** SUPPLIED DATA follows **

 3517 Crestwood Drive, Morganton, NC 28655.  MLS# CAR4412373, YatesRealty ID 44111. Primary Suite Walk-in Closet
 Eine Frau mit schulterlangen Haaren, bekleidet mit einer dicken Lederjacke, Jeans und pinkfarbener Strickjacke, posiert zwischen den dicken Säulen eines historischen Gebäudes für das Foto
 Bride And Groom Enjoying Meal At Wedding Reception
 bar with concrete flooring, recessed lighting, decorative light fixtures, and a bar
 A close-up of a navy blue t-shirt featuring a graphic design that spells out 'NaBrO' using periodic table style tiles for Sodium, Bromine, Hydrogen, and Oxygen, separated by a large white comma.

** End of SUPPLIED DATA **
** SUPPLIED DATA follows **

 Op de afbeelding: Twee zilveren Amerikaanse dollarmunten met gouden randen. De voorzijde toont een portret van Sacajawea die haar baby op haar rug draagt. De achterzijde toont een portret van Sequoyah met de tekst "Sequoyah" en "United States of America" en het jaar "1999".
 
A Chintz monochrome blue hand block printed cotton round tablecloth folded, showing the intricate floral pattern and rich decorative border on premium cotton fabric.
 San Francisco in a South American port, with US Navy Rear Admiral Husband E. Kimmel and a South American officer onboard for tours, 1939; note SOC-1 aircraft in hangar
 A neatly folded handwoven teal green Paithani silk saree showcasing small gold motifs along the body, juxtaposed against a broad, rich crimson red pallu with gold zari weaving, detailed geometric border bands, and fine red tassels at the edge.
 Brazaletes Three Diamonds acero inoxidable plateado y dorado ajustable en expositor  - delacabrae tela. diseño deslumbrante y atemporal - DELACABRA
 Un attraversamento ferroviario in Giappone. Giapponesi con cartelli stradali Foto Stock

** End of SUPPLIED DATA **
** SUPPLIED DATA follows **

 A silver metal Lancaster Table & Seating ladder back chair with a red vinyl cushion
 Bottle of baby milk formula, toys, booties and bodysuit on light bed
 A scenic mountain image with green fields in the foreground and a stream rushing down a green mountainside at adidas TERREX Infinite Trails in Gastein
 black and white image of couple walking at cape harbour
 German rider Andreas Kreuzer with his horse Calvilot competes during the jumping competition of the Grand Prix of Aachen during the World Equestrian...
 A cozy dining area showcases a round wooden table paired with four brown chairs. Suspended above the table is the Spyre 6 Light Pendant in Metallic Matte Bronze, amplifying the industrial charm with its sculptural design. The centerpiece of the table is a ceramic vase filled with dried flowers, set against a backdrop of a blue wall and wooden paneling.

** End of SUPPLIED DATA **

TASK DESCRIPTION → Look above for the line with "3517 Crestwood Drive, Morganton, NC" and the line with "A close-up of"; transcribe both and all lines in between, exactly, and nothing else.

REPLY →
 3517 Crestwood Drive, Morganton, NC 28655.  MLS# CAR4412373, YatesRealty ID 44111. Primary Suite Walk-in Closet
 Eine Frau mit schulterlangen Haaren, bekleidet mit einer dicken Lederjacke, Jeans und pinkfarbener Strickjacke, posiert zwischen den dicken Säulen eines historischen Gebäudes für das Foto
 Bride And Groom Enjoying Meal At Wedding Reception
 bar with concrete flooring, recessed lighting, decorative light fixtures, and a bar
 A close-up of a navy blue t-shirt featuring a graphic design that spells out 'NaBrO' using periodic table style tiles for Sodium, Bromine, Hydrogen, and Oxygen, separated by a large white comma.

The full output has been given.